In the data below, which lines contain "with"? List them by copying each one.

Data entries:
━━━━━━━━━━━━━━━━━━━━━━━━━━━━━━

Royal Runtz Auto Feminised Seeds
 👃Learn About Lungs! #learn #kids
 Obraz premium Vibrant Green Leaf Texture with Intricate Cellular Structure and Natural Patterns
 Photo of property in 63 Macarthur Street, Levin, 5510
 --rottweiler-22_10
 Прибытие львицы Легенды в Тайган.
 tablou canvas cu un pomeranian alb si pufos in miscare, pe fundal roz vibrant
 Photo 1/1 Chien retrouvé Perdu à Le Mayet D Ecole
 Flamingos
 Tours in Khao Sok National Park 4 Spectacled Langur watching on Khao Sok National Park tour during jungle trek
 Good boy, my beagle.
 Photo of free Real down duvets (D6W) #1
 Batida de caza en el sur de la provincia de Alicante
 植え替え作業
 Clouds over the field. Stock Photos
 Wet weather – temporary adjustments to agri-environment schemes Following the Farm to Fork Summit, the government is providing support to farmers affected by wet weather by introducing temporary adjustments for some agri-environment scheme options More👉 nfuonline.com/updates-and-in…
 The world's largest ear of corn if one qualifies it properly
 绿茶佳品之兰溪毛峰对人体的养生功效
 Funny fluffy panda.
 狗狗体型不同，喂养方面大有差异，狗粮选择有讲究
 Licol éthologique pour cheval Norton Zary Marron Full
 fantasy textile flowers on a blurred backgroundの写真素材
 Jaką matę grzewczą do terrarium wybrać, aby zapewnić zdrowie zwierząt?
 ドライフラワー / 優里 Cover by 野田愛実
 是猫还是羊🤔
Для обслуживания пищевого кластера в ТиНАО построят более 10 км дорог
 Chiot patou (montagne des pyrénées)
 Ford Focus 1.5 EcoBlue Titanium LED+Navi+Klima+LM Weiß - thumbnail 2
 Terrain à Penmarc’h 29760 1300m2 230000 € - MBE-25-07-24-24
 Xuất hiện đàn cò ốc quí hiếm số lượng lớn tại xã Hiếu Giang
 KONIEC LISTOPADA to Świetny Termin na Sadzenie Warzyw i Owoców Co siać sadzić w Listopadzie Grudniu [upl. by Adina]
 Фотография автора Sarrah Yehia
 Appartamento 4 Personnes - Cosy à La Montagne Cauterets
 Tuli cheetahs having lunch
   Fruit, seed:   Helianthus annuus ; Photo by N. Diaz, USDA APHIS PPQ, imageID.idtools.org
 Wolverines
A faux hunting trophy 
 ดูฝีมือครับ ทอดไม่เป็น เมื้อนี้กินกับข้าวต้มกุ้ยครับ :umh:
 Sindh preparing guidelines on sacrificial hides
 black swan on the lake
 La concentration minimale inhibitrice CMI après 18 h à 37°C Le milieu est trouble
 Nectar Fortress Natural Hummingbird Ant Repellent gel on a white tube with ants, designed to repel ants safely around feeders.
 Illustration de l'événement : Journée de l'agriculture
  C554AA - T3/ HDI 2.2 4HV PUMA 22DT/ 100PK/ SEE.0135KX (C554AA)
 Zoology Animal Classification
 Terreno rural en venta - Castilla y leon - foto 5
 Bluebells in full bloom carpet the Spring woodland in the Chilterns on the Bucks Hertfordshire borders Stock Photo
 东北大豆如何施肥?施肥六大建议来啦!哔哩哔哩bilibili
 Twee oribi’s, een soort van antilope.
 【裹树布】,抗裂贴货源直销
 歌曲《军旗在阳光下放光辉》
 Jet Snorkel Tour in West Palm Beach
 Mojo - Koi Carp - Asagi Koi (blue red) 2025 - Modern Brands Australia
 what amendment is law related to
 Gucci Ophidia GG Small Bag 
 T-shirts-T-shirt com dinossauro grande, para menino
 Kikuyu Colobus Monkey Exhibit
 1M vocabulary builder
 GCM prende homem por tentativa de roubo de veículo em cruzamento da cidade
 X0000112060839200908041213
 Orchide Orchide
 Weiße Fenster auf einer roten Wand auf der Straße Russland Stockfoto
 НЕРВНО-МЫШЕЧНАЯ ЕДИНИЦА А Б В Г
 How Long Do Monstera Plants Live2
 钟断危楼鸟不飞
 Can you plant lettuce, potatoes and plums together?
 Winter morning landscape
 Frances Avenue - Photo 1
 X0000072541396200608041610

━━━━━━━━━━━━━━━━━━━━━━━━━━━━━━

EXERCISE SOLUTION:
 Obraz premium Vibrant Green Leaf Texture with Intricate Cellular Structure and Natural Patterns
 Nectar Fortress Natural Hummingbird Ant Repellent gel on a white tube with ants, designed to repel ants safely around feeders.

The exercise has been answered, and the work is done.